The Adjustment Bureau— God's Divine Plan?

 Greg Bandy from Asbury University called me, and asked me to join a preview of this movie over a week ago.  Unfortunately I was on a plane to New Orleans when it was being shown.  There were no divine adjustments in my schedule permitting me to see it then.   And that brings us to our movie, which is well worth the time and money to see.   Is it about predestination?  Well,  not exactly, though it has been billed that way.   Matt Damon is once again the hero of the film and he is joined by a very winsome performance by Emily Blunt.  The chemistry between these two is worth seeing even if there was nothing else to like about the film,  but there is.

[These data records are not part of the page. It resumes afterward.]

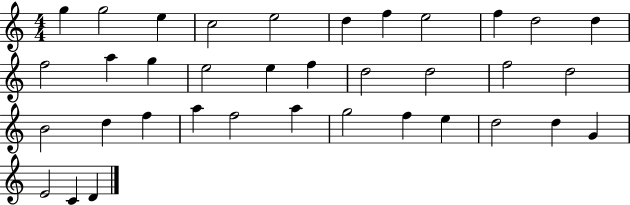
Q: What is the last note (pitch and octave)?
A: D4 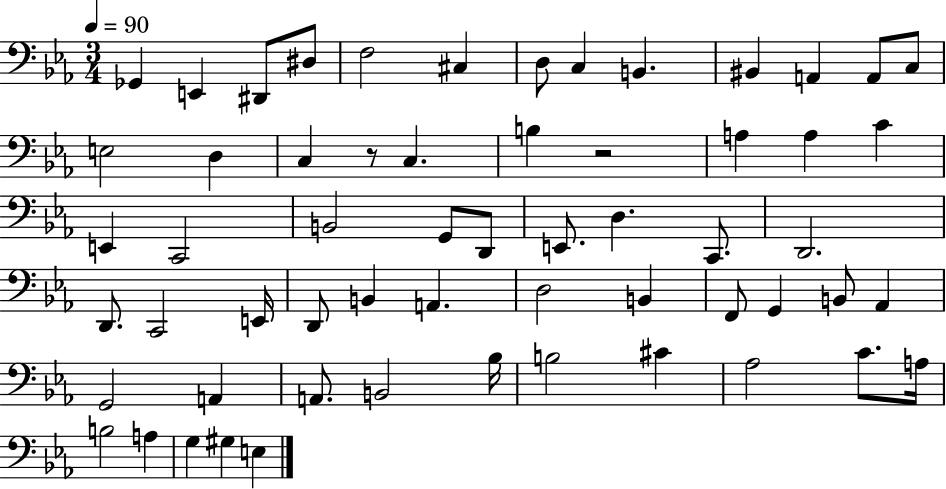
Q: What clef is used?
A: bass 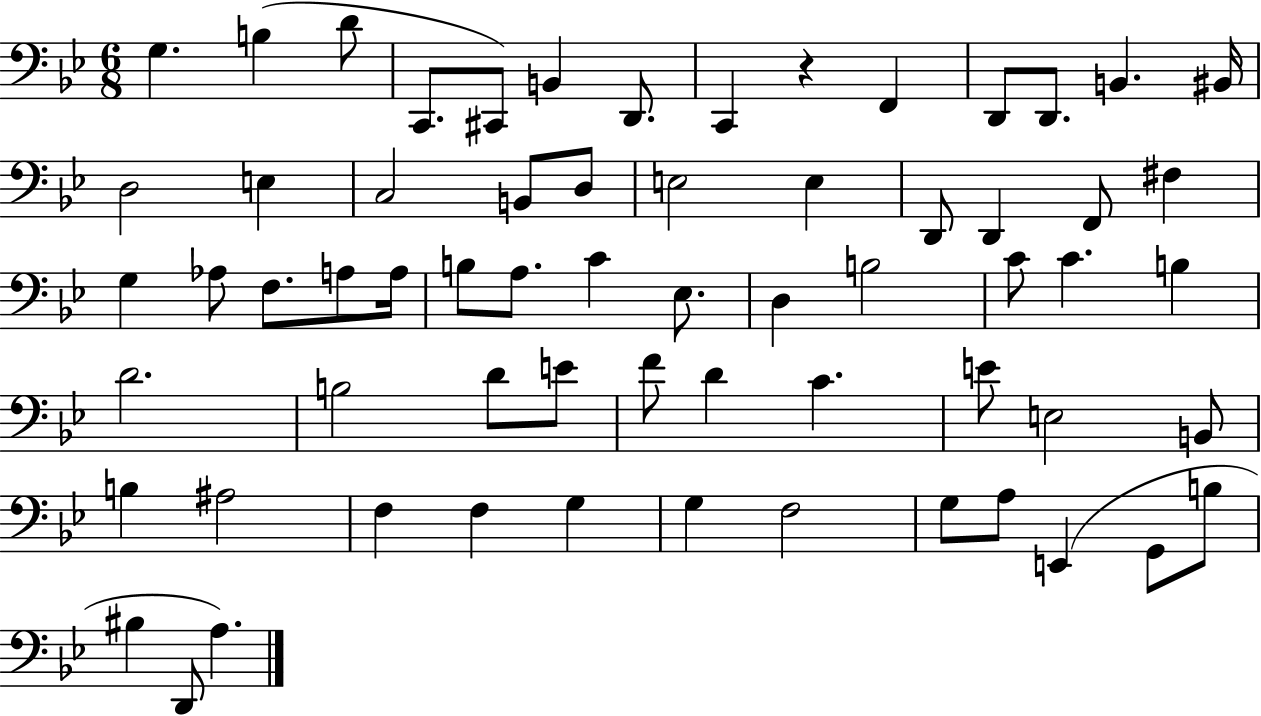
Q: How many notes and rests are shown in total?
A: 64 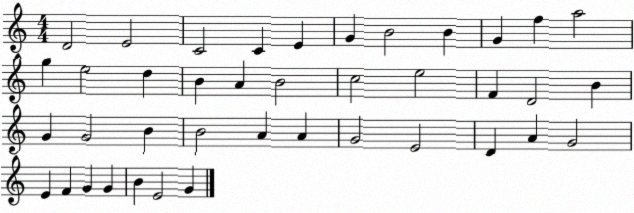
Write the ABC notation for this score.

X:1
T:Untitled
M:4/4
L:1/4
K:C
D2 E2 C2 C E G B2 B G f a2 g e2 d B A B2 c2 e2 F D2 B G G2 B B2 A A G2 E2 D A G2 E F G G B E2 G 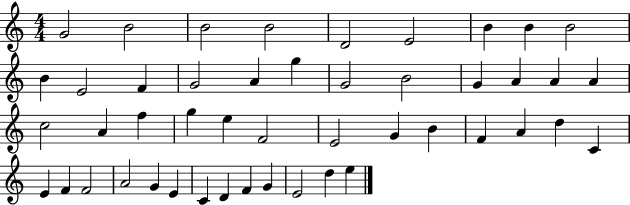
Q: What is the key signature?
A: C major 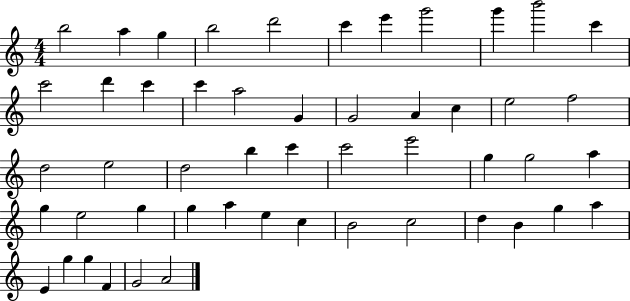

Here is the Universal synopsis of the film— “Do we control our destiny, or do unseen forces manipulate us? Matt Damon stars in the thriller The Adjustment Bureau as a man who glimpses the future Fate has planned for him and realizes he wants something else. To get it, he must pursue the only woman he’s ever loved across, under and through the streets of modern-day New York. On the brink of winning a seat in the U.S. Senate, ambitious politician David Norris (Damon) meets beautiful contemporary ballet dancer Elise Sellas (Emily Blunt)–a woman like none he’s ever known. But just as he realizes he’s falling for her, mysterious men conspire to keep the two apart. David learns he is up against the agents of Fate itself–the men of The Adjustment Bureau–who will do everything in their considerable power to prevent David and Elise from being together. In the face of overwhelming odds, he must either let her go and accept a predetermined path…or risk everything to defy Fate and be with her. The Adjustment Bureau is written for the screen and directed by George Nolfi (writer of Ocean’s Twelve, co-writer of The Bourne Ultimatum). It is based on a short story by Philip K. Dick (“Total Recall,” “Minority Report” and “Blade Runner”). — (C) Universal Pictures”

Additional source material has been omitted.